Everyone seemed to have fun as they were learning. A few attendees even flexed for the shoe cam.
And this young lady stepped behind the camera to make sure everything was captured.
Newark native and fashion designer Tiffany Salas sparkled wearing one of her designs after speaking with the children about her experiences in fashion.
Later actor Lance Gross, who stars in this month’s TV One film “When Love Kills”, sat in conversation with producer Tracey Baker-Simmons at NJIT. The two spoke on stepping outside of your comfort zone, hustle, and personal branding, a must for creatives looking to succeed in the digital age.
He explained to the crowd that his success stemmed from genuine commitment to his craft saying that “I don’t do anything I don’t want to do. I don’t want anything to feel forced.” and “When a person loves something and they display it you can tell that they love it.”

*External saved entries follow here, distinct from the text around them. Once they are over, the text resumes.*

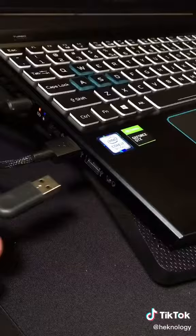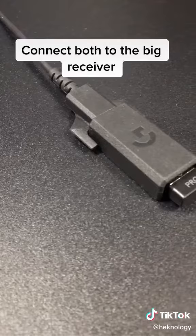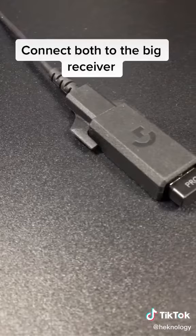Plug in the wire. Connect both to the big receiver. Now you have the lowest latency possible for gaming. Enjoy!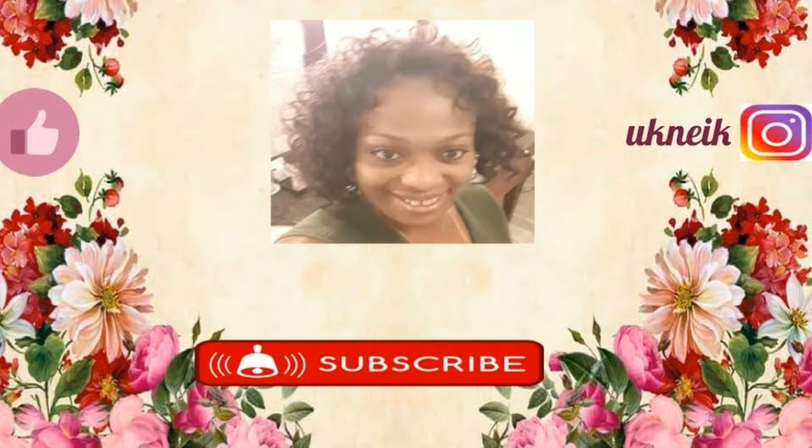Hello everyone and welcome back to my channel. If this is your first time, my name is Monica. On this channel I do DIYs, crafting, and occasionally revamping. Please remember to hit that thumbs up button to like this video — that's what helps my channel grow. Also subscribe if you haven't yet, and hit that notification bell so you're notified every time I upload a video.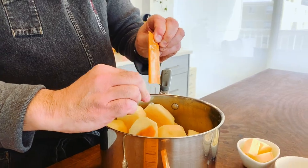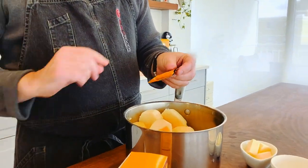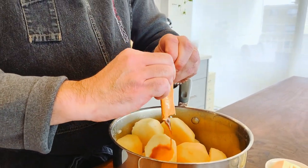What the chicken broth concentrate is going to do is give your mashed potatoes a depth of flavor that you and your guests aren't expecting. And the great part is you don't have to tell them how it got there.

The star, who many consider to be heartthrob, got his start as a model and did not have Hollywood connections prior to following his dreams of becoming an actor. “For my family it was a show and prove thing. I told them I could make it and I had to prove it to them.” He didn’t let his lack of resources stop him “as long as I believed in myself and worked hard it didn’t matter.”
He revealed that he has just been added to the cast of Fox’s primetime drama “Star” and disclosed that he padded his resume with plays that he hadn’t performed in while he was on the “hustle” to get an agent. Baker-Simmons reminded the audience that wasn’t wise to do in the age on LinkedIn to which he replied “I can only tell you about that because I never got caught doing it.” resulting in a rousing round of laughter from the audience.
People diligently took notes as he spoke and lined up to ask questions. They also lined up to take selfies with him whispering fervently amongst themselves that they couldn’t wait to meet “bae”.
One woman even gifted Gross with a book that she wrote with the hope that he might considering starring in the adaptation.
The event was the vision of Kenneth Gifford. A Newark native himself Gifford spent years in production working on movies like “Hancock” and “Cadillac Records” before returning home to make a change. In 2014 he accepted the position of Director of the Newark Office of Film & Television to offer opportunities and resources to filmmakers with vision that exceeds their capital and tell a different kind of story about his hometown.
He says “life is amazing when you control the ending” but with his commitment to change manifesting in momentous occasions like these that ending doesn’t seem like it’s coming any time soon.